Book #1 landed just right in Newton, and I’m not going to pretend I wasn’t a little smug about it. The theory had worked. Once. Which meant it was either a genuine thing or I’d gotten lucky, and I needed to know which. So I went out and did it again. And again. And again and again. Four more stops. Four more pitches. Four more moments where I handed a book to a stranger and asked if they already knew who needed it. (Spoiler alert: They mostly did.)

Reverie Roasters. Wichita

Alex was behind the counter. I gave him the pitch. He looked interested. Actually interested, not politely interested, which are two completely different things, and the first one is a statistical anomaly.

“You know exactly who to give it to, don’t you?” I asked.

“Yeah,” he said, grinning. “Me. I love science fiction.” He laughed.

“What’s funny?” I asked.

“I’m the dungeon master for a D&D group,” he said, “and whenever I ask them which way to turn, they always say ‘turn left.’”

I pointed him to the QR code sticker on the inside flap. He squinted at it. His eyes went wide.

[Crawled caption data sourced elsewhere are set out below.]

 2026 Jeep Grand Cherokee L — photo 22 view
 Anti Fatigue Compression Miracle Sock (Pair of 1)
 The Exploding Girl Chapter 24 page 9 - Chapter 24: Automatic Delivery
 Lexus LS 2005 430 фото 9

“Oh,” he said. “This is so my thing.”

The theory held. Alex just happened to also be the answer.

Meeting House. Sedgwick.

That heading alone is notable, because it’s a meeting place in Sedgwick. Respectfully, the only thing I’ve ever known about Sedgwick was Cy’s Hoof and Horn, the region’s preeminent slab-of-meat purveyor. I did not know there was this cool little joint on Commercial Street, but here it is. Meeting House — not The Meeting House, just Meeting House — is a nonprofit, a 501(c)(3), a place with a whole story of its own, but that’s not today’s story. 

A teenage girl was at the counter. A volunteer. She blanched a little when I asked if she knew the regulars.

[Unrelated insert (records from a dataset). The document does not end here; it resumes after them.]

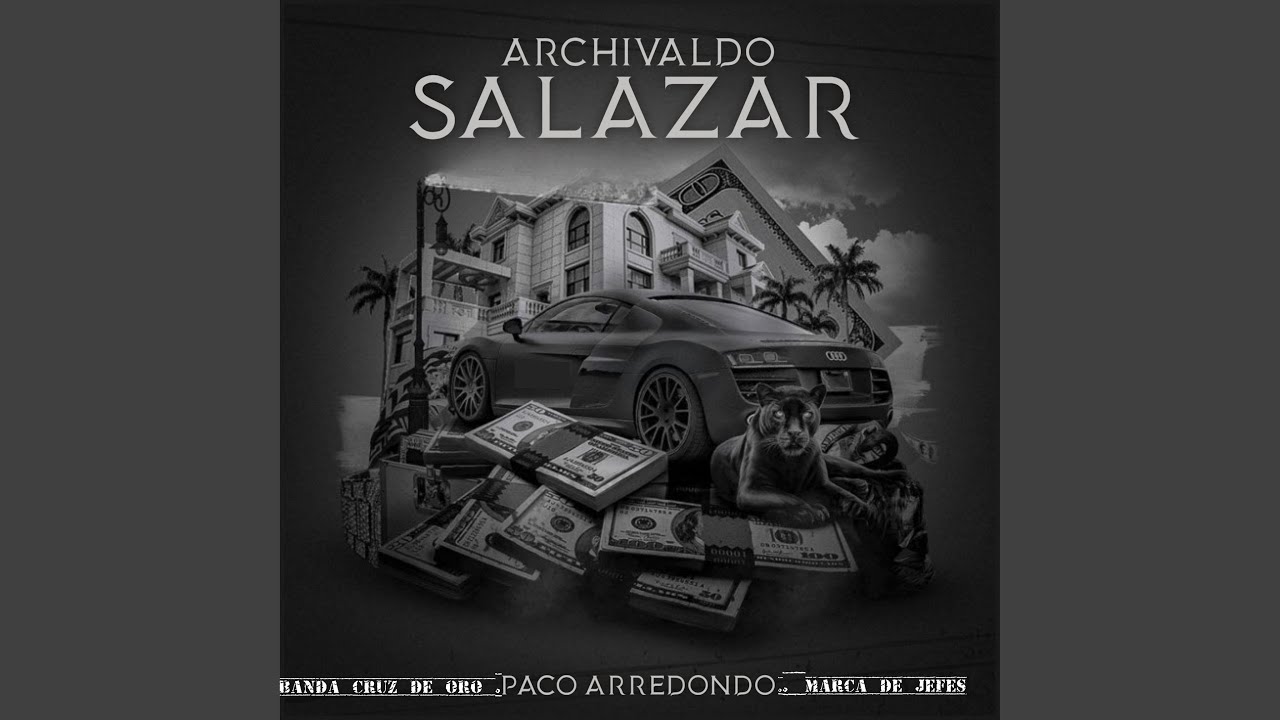 Archivaldo Salazar (En vivo)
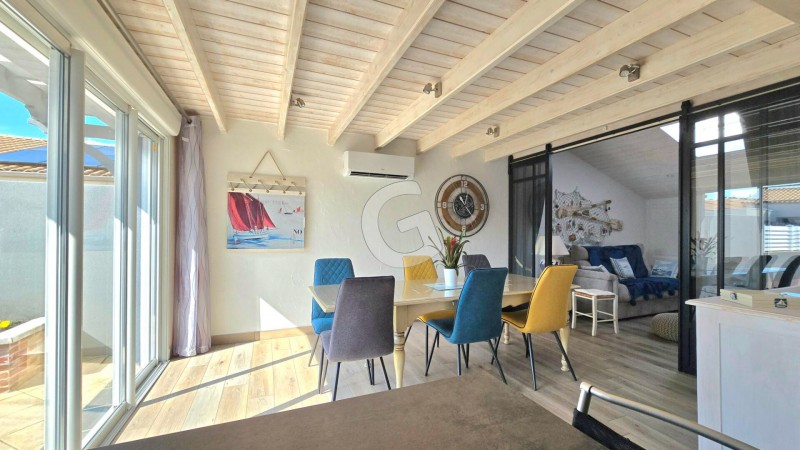 vente Maison Jard-sur-Mer 164 m²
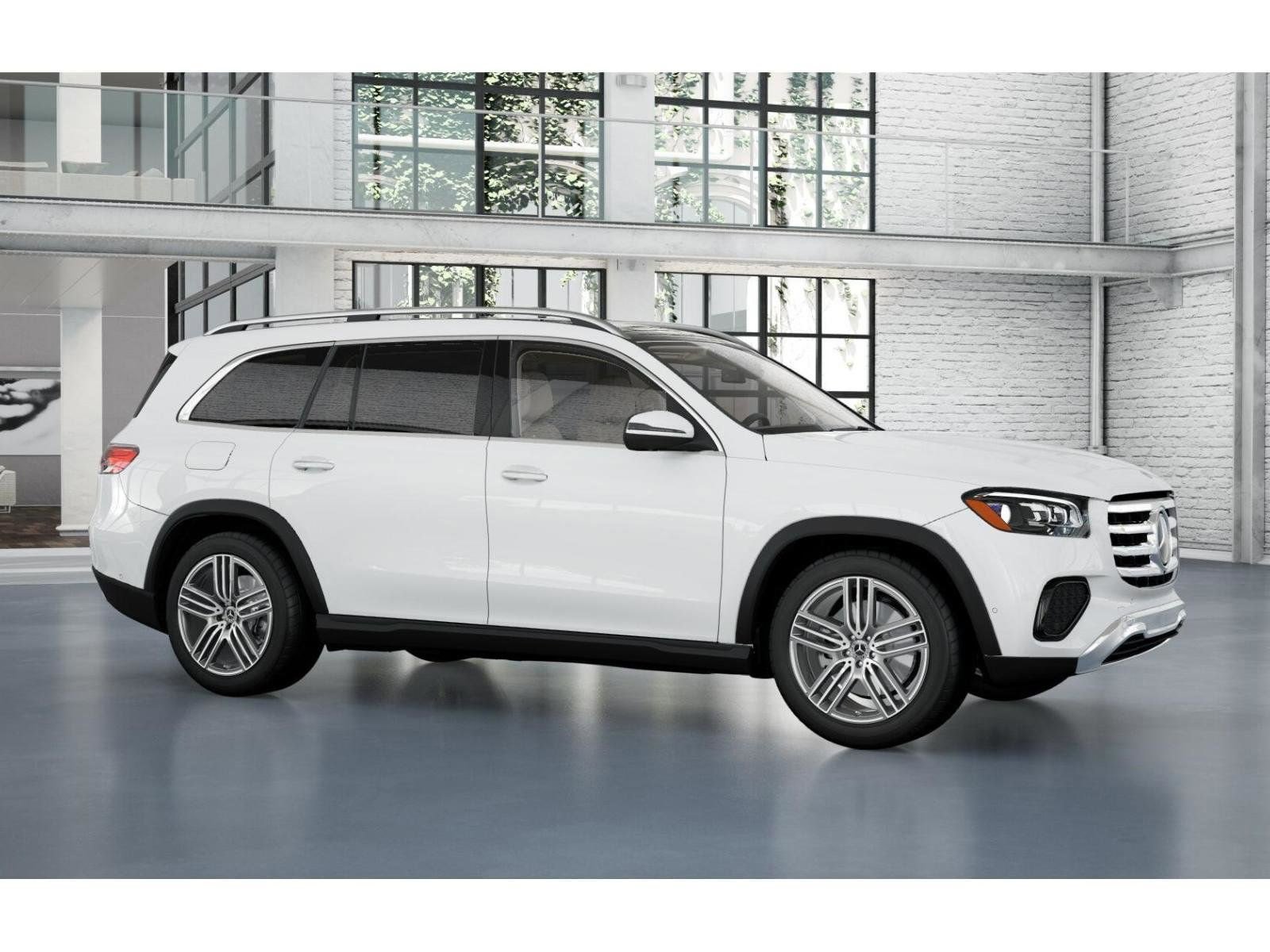 New 2026 Mercedes-Benz GLS 450 4MATIC image 13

“Some of them,” she said, cheeks already going pink.

I gave her the pitch. Time travel. Sci-fi. Buddy flick. Humor. Romance. A mess. I told her I didn’t know who in this town needed the book, but I had a hunch she did.

“You’ve already thought of someone, haven’t you?”

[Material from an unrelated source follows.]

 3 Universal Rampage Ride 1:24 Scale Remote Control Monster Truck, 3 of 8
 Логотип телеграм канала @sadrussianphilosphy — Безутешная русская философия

“Yes,” she said, and blushed big time.

I slid the book across the counter, saloon style. “Give it to them.”

She was grateful in a way that felt outsized for the transaction. Which usually means it wasn’t a transaction at all. It was just a different sort of afternoon. For both of us, honestly. The book was a little reluctant to leave the nest. But it left.

Little Library, Wichita

There’s a little library on North Fountain Street in a nice neighborhood just north of College Hill. It was lopsided. Book #8 is a mess. They deserved each other.

Main Street Coffee. Valley Center. 

Self-serve. Quiet. A few people scattered around doing, one assumes, homework. The volunteer behind the counter was named Coda.

I gave her the spiel. She nodded politely. I asked the question.

“You’ve already thought of someone, haven’t you?”

She considered this with genuine honesty, which I respected and did not enjoy. “No,” she said. “Not really. But I can look into it if you want me to.”

Okay, the theory does not work every time. I thanked her, showed her the QR code, and started for the door.

Then I turned back and mentioned one more thing.

The last chapter of the book, I told her, is also named Coda.

She looked at me in a way that assured me it didn’t land.

I’m almost certain that book is staying in Valley Center.